-- Input --
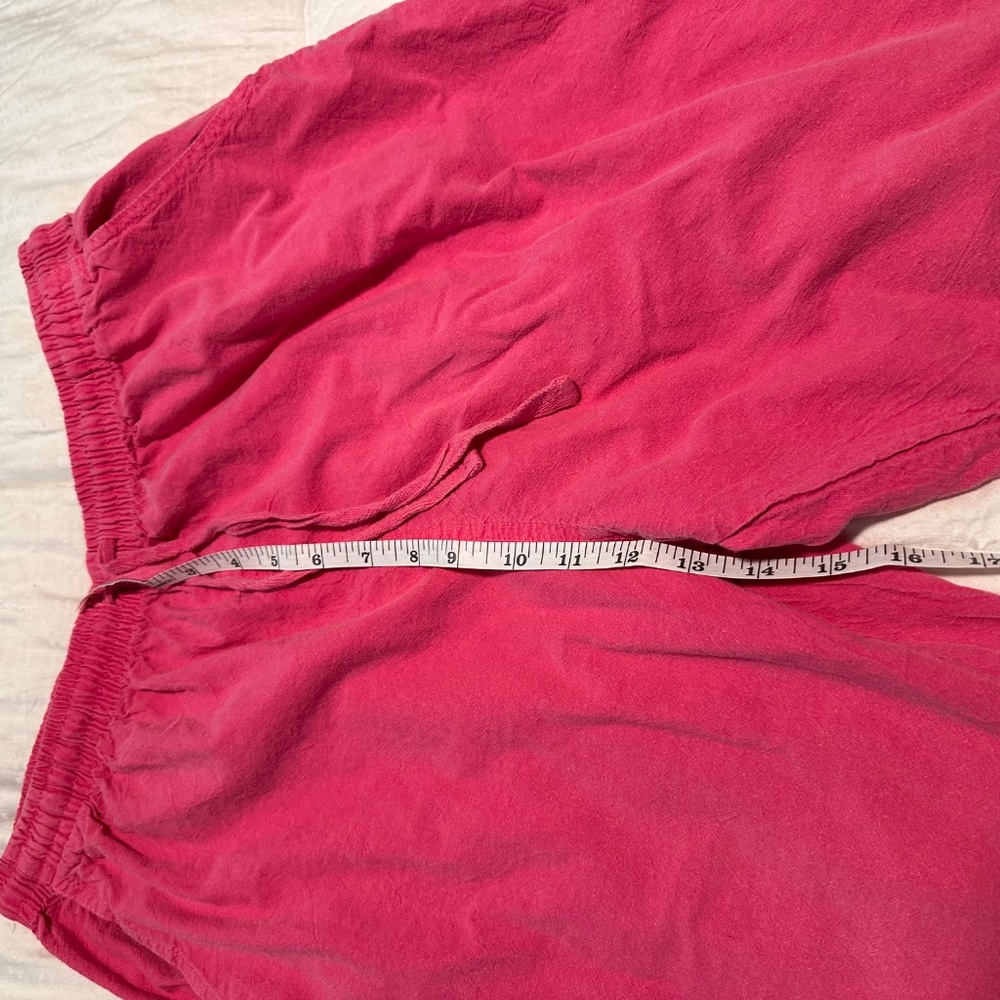 Reglon Crop pants XL capris 2 pairs - Picture 3 of 10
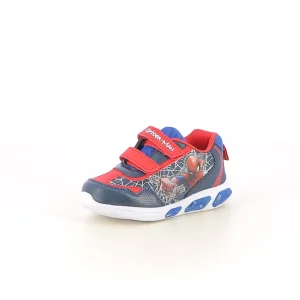 Sneakers con luci SPIDERMAN art. R1310563S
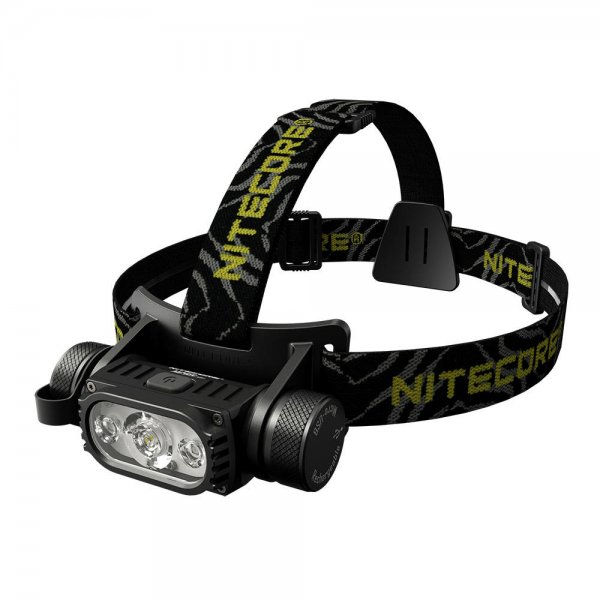 Nitecore HC65 V2 Stirnlampe, 1750 lm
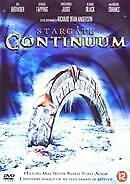 Stargate - Continuum op DVD, Verzenden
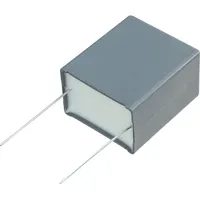 F863DN684K310ALW0L by KEMET Corporation
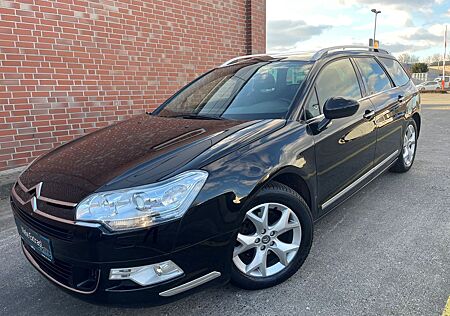 Citroën C5 Tourer Exclusive MASSAGE*LEDER*XENON*NAVI*AHK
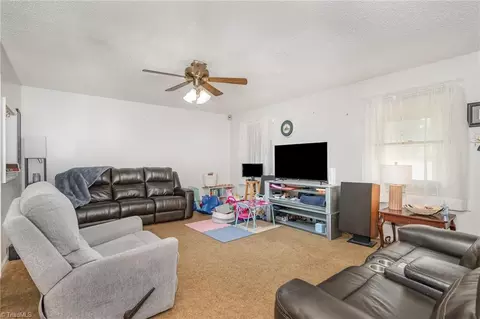 Living - 209 Meredith Dr, Trinity, NC 27370 photo 1 of 1
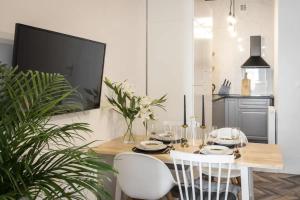 Jozefa 20 Street 2 bedroom apartment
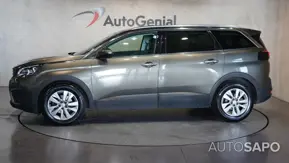 Peugeot 5008 de 2019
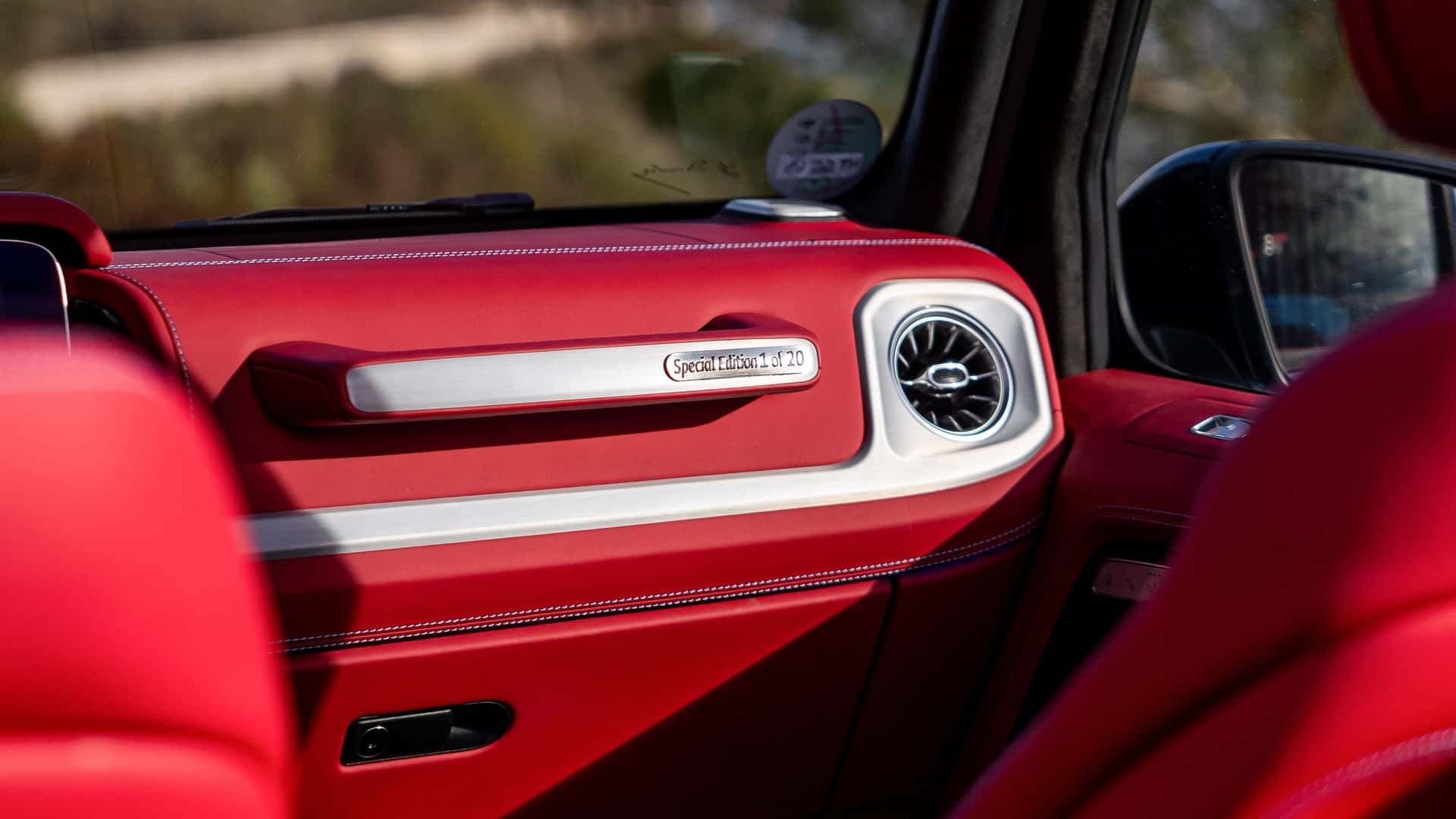 Mercedes-AMG G63 14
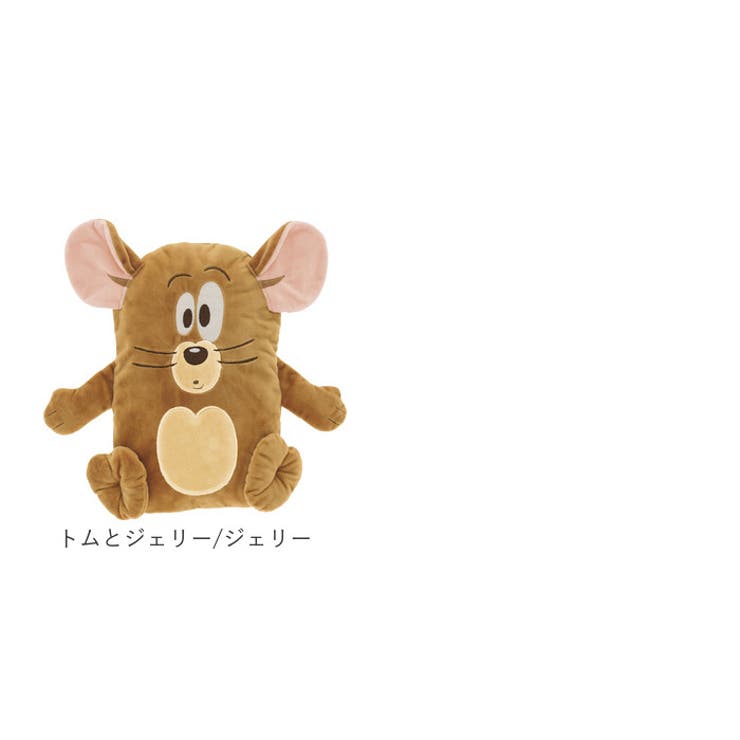 キャラクター 湯たんぽ | BACKYARD FAMILY | 詳細画像17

-- How to complete this task --
Everything in the records above must be repeated exactly, except the pictures.

-- Output of the task --
 Reglon Crop pants XL capris 2 pairs - Picture 3 of 10
 Sneakers con luci SPIDERMAN art. R1310563S
 Nitecore HC65 V2 Stirnlampe, 1750 lm
 Stargate - Continuum op DVD, Verzenden
 F863DN684K310ALW0L by KEMET Corporation
 Citroën C5 Tourer Exclusive MASSAGE*LEDER*XENON*NAVI*AHK
 Living - 209 Meredith Dr, Trinity, NC 27370 photo 1 of 1
 Jozefa 20 Street 2 bedroom apartment
 Peugeot 5008 de 2019
 Mercedes-AMG G63 14
 キャラクター 湯たんぽ | BACKYARD FAMILY | 詳細画像17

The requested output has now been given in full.